2. He says “is called one-to-one (usu­ally a one-to-one cor­re­spon­dence)”, which might sug­gest that “one-to-one” and “one-to-one cor­re­spon­dence” are syn­onyms—since that is what he usu­ally uses the paran­the­ses for when nam­ing con­cepts.

I find Hal­mos some­what con­tra­dic­tory here.

But I’m con­vinced you’re right. I’ve ed­ited the post. Thanks.

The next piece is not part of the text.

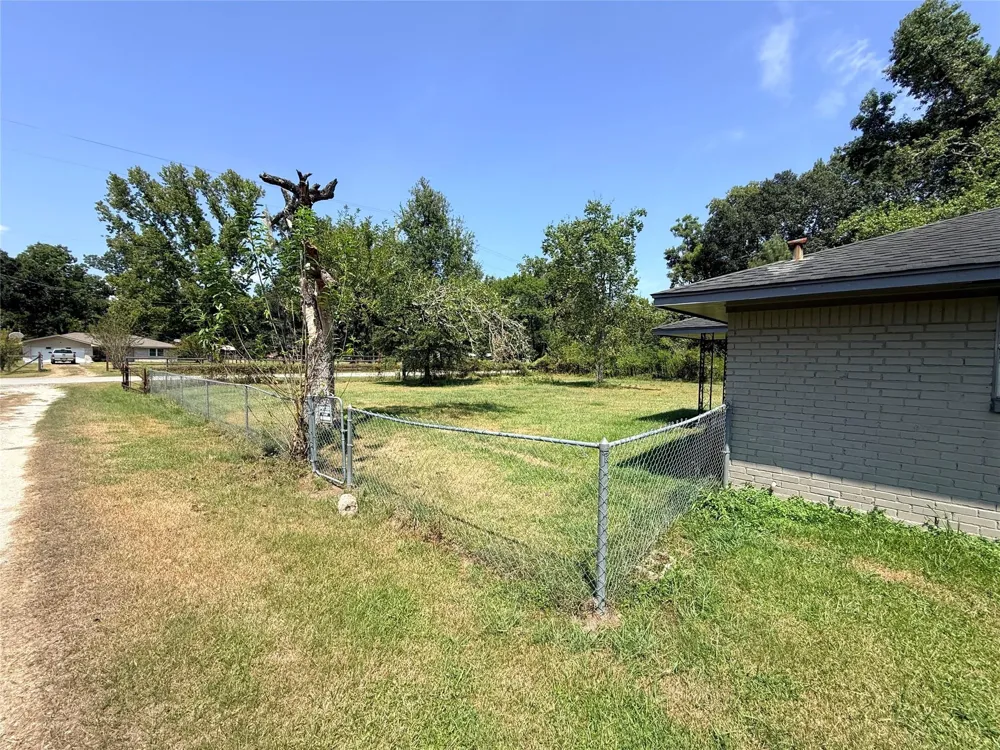 892 County Road 460 Dayton, TX 77535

• It is some­what con­fus­ing, but re­mem­ber that sru­jec­tivity is defined with re­spect to a par­tic­u­lar codomain; a func­tion is sur­jec­tive if its range is equal to its codomain, and thus whether it’s sur­jec­tive de­pends on what its codomain is con­sid­ered to be; ev­ery func­tion maps its do­main onto its range. “f maps X onto Y” means that f is sur­jec­tive with re­spect to Y”. So, for in­stance, the ex­po­nen­tial func­tion maps the real num­bers onto the pos­i­tive real num­bers. It’s sur­jec­tive with re­spect to pos­i­tive real num­bers*. Say­ing “the ex­po­nen­tial func­tion maps real num­bers onto real num­bers” would not be cor­rect, be­cause it’s not sur­jec­tive with re­spect to the en­tire set of real num­bers. So say­ing that a one-to-one func­tion maps dis­tinct el­e­ments onto a set of dis­tinct el­e­ments can be con­sid­ered to be cor­rect, albeit not as clear as say­ing “to” rather than “onto”. It also suffer from a lack of clar­ity in that it’s not clear what the “always” is sup­posed to range over; are there func­tions that some­times do map dis­tinct el­e­ments to dis­tinct el­e­ments, but some­times don’t?